● SUPPLIED DATA:
+++
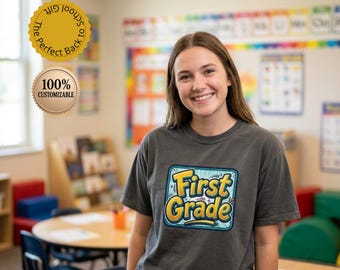 Custom First Grade Shirt Retro First Grade Tee Personalized Teacher Gift Back To School Tee Elementary School 1st Grade Tee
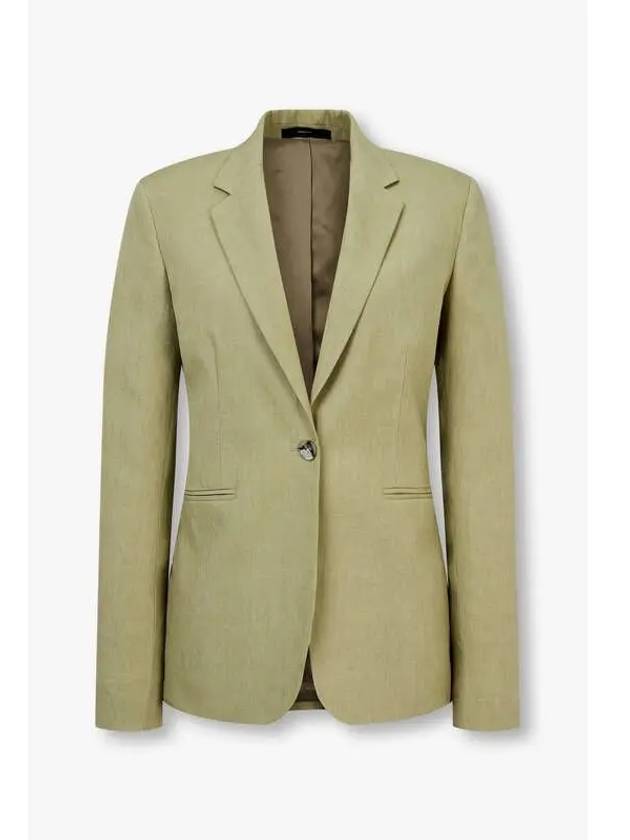 30 9 29 Women s Linen No Sheet Single Jacket Olive - PAUL SMITH - BALAAN 1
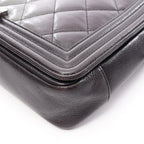 Chanel Shoulder Bag Boy Large Quilted Gradient Black Gray Leather Chain — view 7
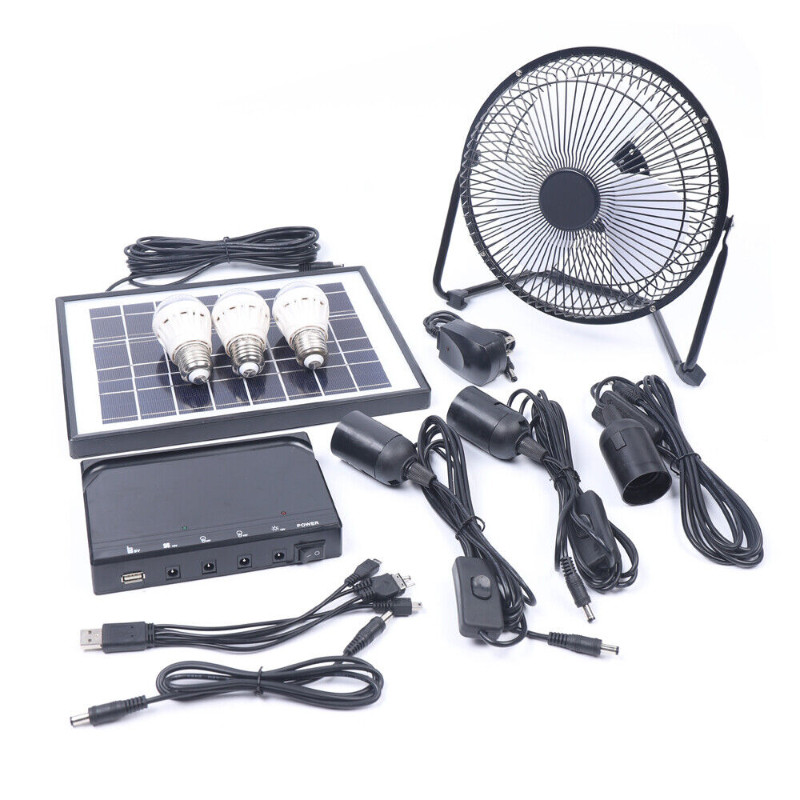 Solar Lighting System 12V LED Light 8" Fan Solar Panel For Home Outdoor Camping Solar Ceiling Fan With Solar Panel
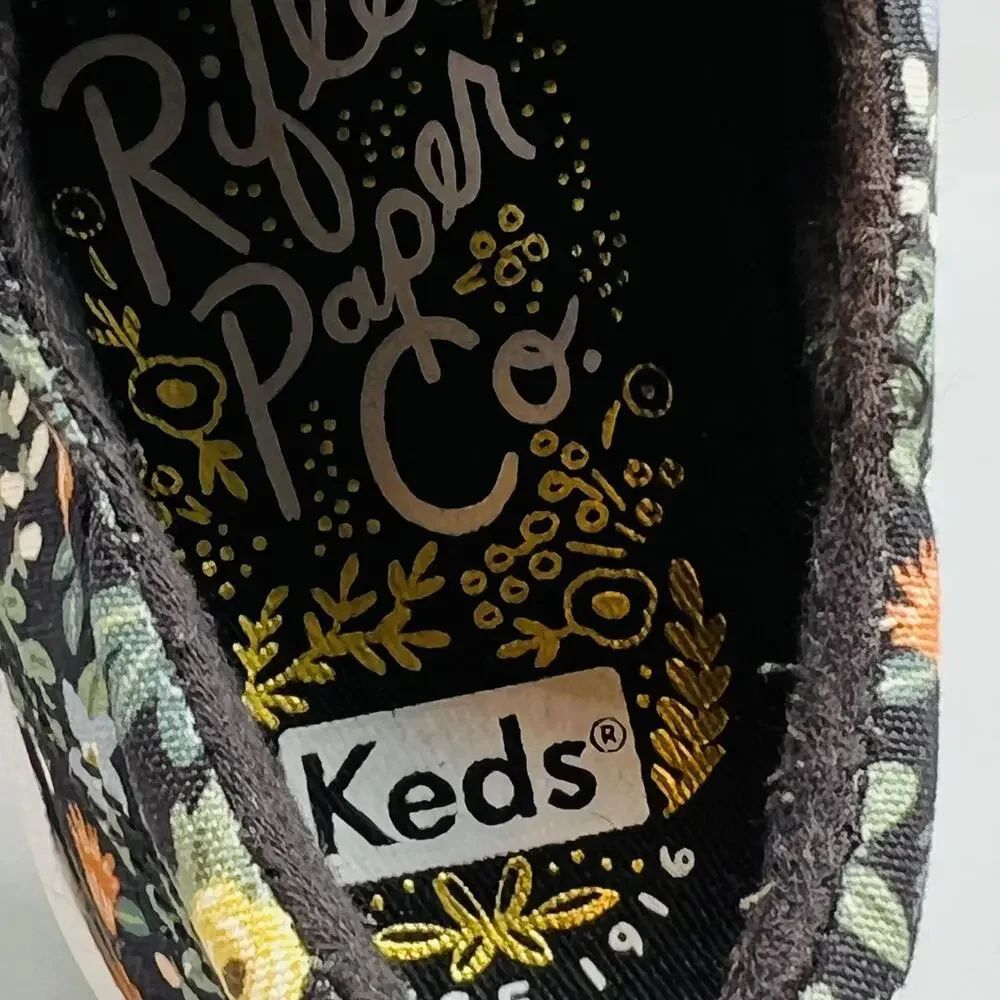 Keds Rifle Paper Co Shoes Womens 5 Multicolor Canvas Floral Platform Sneakers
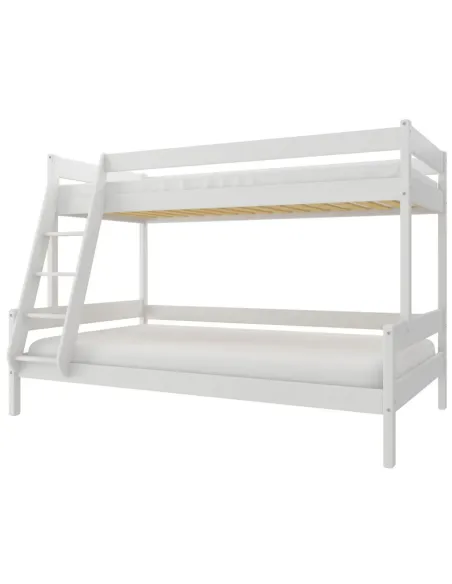 Łóżko drewniane piętrowe FAMILIJNE biały MEBLE WRÓBEL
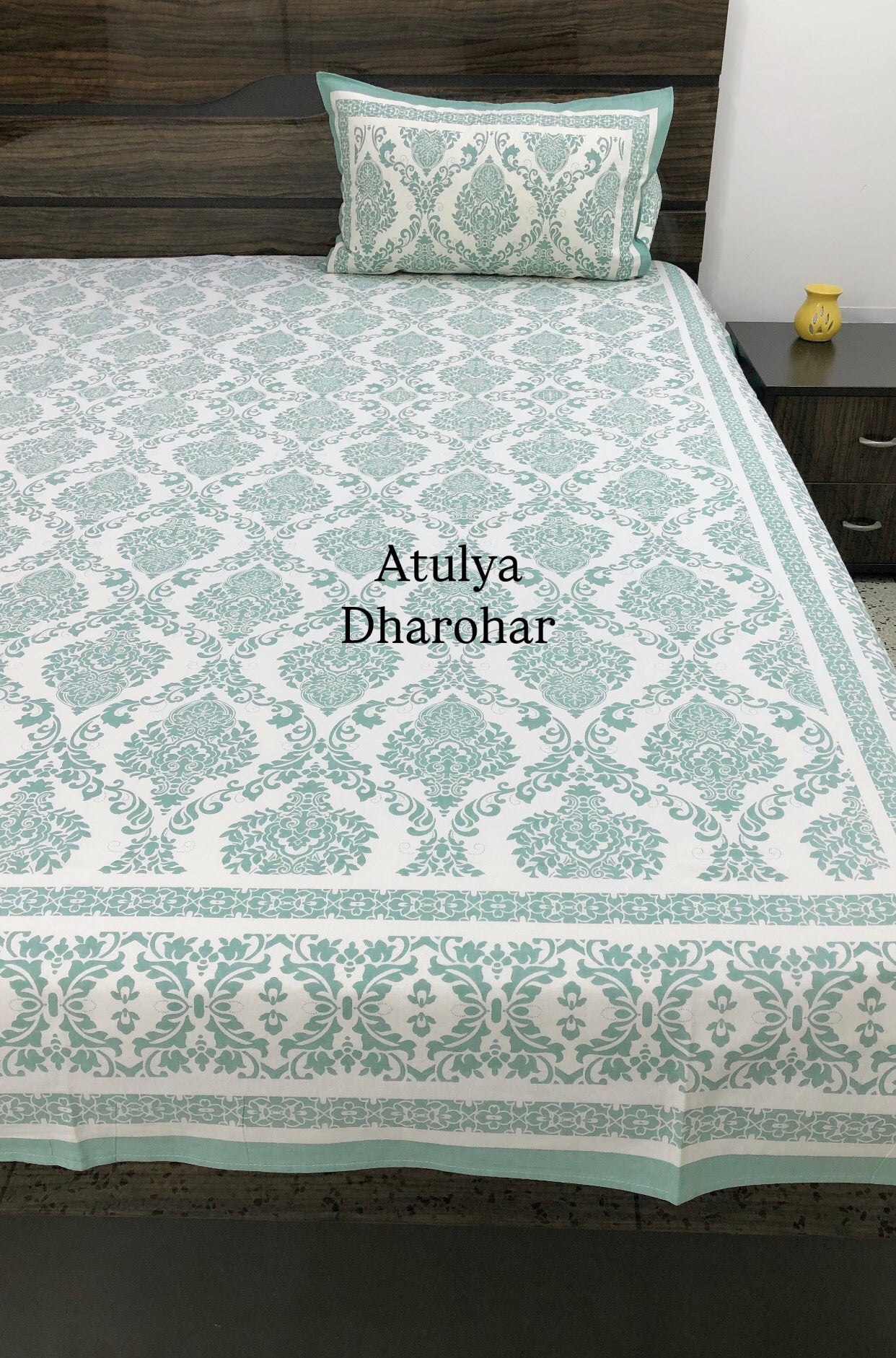 Teal Mughal Jaal Cotton Super King Bedsheet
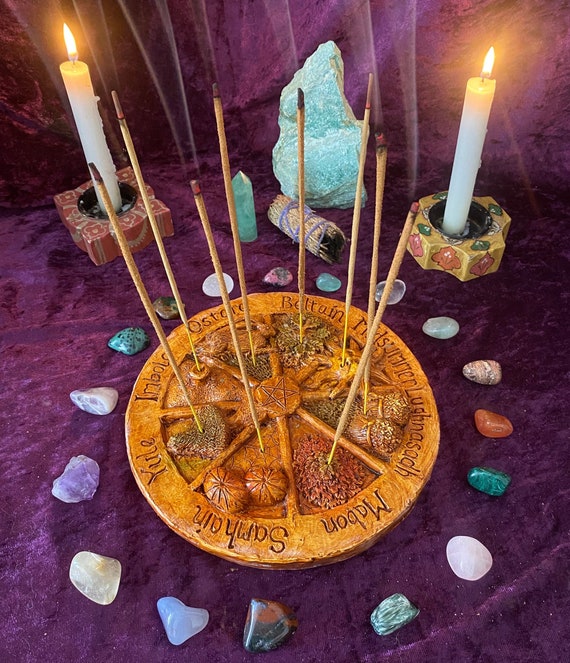 Wheel of the year Incense stick holder, Pagan, wiccan, beltaine, imbolc, Lammas, Ostara, mabon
+++
● EXERCISE BRIEF: Reproduce exactly, and only, the lines that begin at the one containing "30 9 29 Women" and end with the final line of the data, both included, while omitting every picture.

● RESULT OF THE EXERCISE:
 30 9 29 Women s Linen No Sheet Single Jacket Olive - PAUL SMITH - BALAAN 1
 Chanel Shoulder Bag Boy Large Quilted Gradient Black Gray Leather Chain — view 7
 Solar Lighting System 12V LED Light 8" Fan Solar Panel For Home Outdoor Camping Solar Ceiling Fan With Solar Panel
 Keds Rifle Paper Co Shoes Womens 5 Multicolor Canvas Floral Platform Sneakers
 Łóżko drewniane piętrowe FAMILIJNE biały MEBLE WRÓBEL
 Teal Mughal Jaal Cotton Super King Bedsheet
 Wheel of the year Incense stick holder, Pagan, wiccan, beltaine, imbolc, Lammas, Ostara, mabon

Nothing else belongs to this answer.